◆ Try it
Everything from the line containing "Top Dog Forum" through the line containing "kakaotalk_20201229_015936610.jpg" in the listing below should be copied exactly, and nothing more.

◆ Task inputs
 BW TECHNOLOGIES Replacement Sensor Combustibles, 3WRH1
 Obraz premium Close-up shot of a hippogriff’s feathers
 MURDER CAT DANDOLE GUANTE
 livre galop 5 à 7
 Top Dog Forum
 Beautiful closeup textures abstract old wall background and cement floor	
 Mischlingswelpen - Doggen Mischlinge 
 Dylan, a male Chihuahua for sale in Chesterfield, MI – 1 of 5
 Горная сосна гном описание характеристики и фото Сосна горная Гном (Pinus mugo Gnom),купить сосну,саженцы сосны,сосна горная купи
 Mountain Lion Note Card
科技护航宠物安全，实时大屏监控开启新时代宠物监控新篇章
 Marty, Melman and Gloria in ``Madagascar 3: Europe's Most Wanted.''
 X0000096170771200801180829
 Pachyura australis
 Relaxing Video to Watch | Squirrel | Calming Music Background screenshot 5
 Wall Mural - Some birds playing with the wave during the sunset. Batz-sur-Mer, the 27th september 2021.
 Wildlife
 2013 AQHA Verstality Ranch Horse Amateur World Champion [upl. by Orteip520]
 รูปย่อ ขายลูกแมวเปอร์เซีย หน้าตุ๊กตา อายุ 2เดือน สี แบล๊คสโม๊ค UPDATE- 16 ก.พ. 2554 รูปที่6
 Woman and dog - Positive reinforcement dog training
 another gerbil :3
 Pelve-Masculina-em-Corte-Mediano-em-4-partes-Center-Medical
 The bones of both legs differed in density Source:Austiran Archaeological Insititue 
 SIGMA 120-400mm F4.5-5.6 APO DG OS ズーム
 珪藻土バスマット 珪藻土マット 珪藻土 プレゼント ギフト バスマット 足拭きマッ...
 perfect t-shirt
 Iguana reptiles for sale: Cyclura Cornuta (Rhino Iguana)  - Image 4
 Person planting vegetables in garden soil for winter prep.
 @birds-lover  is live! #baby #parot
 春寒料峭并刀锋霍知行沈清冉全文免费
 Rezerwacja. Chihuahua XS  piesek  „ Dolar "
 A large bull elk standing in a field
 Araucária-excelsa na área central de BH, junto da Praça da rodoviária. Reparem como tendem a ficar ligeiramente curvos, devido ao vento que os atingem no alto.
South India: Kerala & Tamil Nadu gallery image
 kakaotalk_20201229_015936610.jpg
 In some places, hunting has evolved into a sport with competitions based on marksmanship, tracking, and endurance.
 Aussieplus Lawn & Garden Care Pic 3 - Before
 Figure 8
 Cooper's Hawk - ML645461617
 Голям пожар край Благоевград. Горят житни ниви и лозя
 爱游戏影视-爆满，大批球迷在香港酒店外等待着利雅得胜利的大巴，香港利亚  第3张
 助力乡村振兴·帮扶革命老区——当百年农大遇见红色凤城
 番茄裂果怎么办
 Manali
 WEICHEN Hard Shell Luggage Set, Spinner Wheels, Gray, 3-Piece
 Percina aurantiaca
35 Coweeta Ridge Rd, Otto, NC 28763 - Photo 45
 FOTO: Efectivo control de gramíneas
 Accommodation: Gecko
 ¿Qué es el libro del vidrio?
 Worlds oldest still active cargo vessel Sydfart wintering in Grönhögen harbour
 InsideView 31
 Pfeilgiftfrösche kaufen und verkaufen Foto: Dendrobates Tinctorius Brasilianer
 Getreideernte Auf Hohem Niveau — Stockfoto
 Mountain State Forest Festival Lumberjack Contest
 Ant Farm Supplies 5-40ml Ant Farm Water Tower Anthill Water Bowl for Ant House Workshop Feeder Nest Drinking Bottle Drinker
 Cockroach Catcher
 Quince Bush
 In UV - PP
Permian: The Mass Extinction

◆ Response below
 Top Dog Forum
 Beautiful closeup textures abstract old wall background and cement floor	
 Mischlingswelpen - Doggen Mischlinge 
 Dylan, a male Chihuahua for sale in Chesterfield, MI – 1 of 5
 Горная сосна гном описание характеристики и фото Сосна горная Гном (Pinus mugo Gnom),купить сосну,саженцы сосны,сосна горная купи
 Mountain Lion Note Card
科技护航宠物安全，实时大屏监控开启新时代宠物监控新篇章
 Marty, Melman and Gloria in ``Madagascar 3: Europe's Most Wanted.''
 X0000096170771200801180829
 Pachyura australis
 Relaxing Video to Watch | Squirrel | Calming Music Background screenshot 5
 Wall Mural - Some birds playing with the wave during the sunset. Batz-sur-Mer, the 27th september 2021.
 Wildlife
 2013 AQHA Verstality Ranch Horse Amateur World Champion [upl. by Orteip520]
 รูปย่อ ขายลูกแมวเปอร์เซีย หน้าตุ๊กตา อายุ 2เดือน สี แบล๊คสโม๊ค UPDATE- 16 ก.พ. 2554 รูปที่6
 Woman and dog - Positive reinforcement dog training
 another gerbil :3
 Pelve-Masculina-em-Corte-Mediano-em-4-partes-Center-Medical
 The bones of both legs differed in density Source:Austiran Archaeological Insititue 
 SIGMA 120-400mm F4.5-5.6 APO DG OS ズーム
 珪藻土バスマット 珪藻土マット 珪藻土 プレゼント ギフト バスマット 足拭きマッ...
 perfect t-shirt
 Iguana reptiles for sale: Cyclura Cornuta (Rhino Iguana)  - Image 4
 Person planting vegetables in garden soil for winter prep.
 @birds-lover  is live! #baby #parot
 春寒料峭并刀锋霍知行沈清冉全文免费
 Rezerwacja. Chihuahua XS  piesek  „ Dolar "
 A large bull elk standing in a field
 Araucária-excelsa na área central de BH, junto da Praça da rodoviária. Reparem como tendem a ficar ligeiramente curvos, devido ao vento que os atingem no alto.
South India: Kerala & Tamil Nadu gallery image
 kakaotalk_20201229_015936610.jpg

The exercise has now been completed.